ちゃんと無人でハンドル回ってるね! (Waymo @ サンフランシスコ) pic.twitter.com/vdbonIWf9a
— 米田 真一 (Shinichi Komeda) (@skomeda) January 31, 2025
車載ディスプレイの様子も撮っています。
車載ディスプレイにはWaymoが周りでどういう障害物を検知しているかが表示される pic.twitter.com/JwHB1884u9
— 米田 真一 (Shinichi Komeda) (@skomeda) January 31, 2025
運転席には座ることはできず、助手席と後部座席で合計4人まで乗車することができます。
4分間にわたり連続でWaymoの自動運転の様子を撮ってみました。凄い! (@ サンフランシスコ、動画は2倍速) pic.twitter.com/nKRACXOnwz
— 米田 真一 (Shinichi Komeda) (@skomeda) January 31, 2025
運転の得意・不得意
約5km、10分くらいの道順で何回かサンフランシスコ市街地で乗車してみて、運転のクセについていくつか気付いた点をメモしました。
サンフランシスコは坂道が多く、急な上り坂で信号待ちをすることもありますが、卒なくこなしていました。
サンフランシスコは大通りでも一方通行のところが多く、そのせいか道順もだいぶ大回りに設定されている気がしました。小道を攻めるということはせずに、あくまでも大通りを中心に走行するスタイルです。
路面電車とも問題なく共存しています。
乗車場所、停車場所は道幅がある程度ある道路である必要があるようです。そのため、乗車場所、停車場所はあまりフレキシブルには設定できず、1ブロックくらい歩くこともあります。地元の人は「バスの停留所まで歩く」感覚だねと言っていました。

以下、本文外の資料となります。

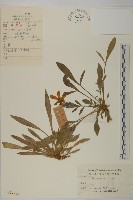 藏品(金雞菊)的圖片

車線変更をする場合に、変更先の車両が同じ速度で走っていてなかなかどかない場合は、車線変更できずに通り過ぎるケースも有りました。自分が減速して相手を待って後ろに入るという運転は苦手?なのかもしれません。
これらはあくまでも2025年1月末時点での状況です。今後、AIやアプリのさらなる学習により、順次改善されていく可能性があります。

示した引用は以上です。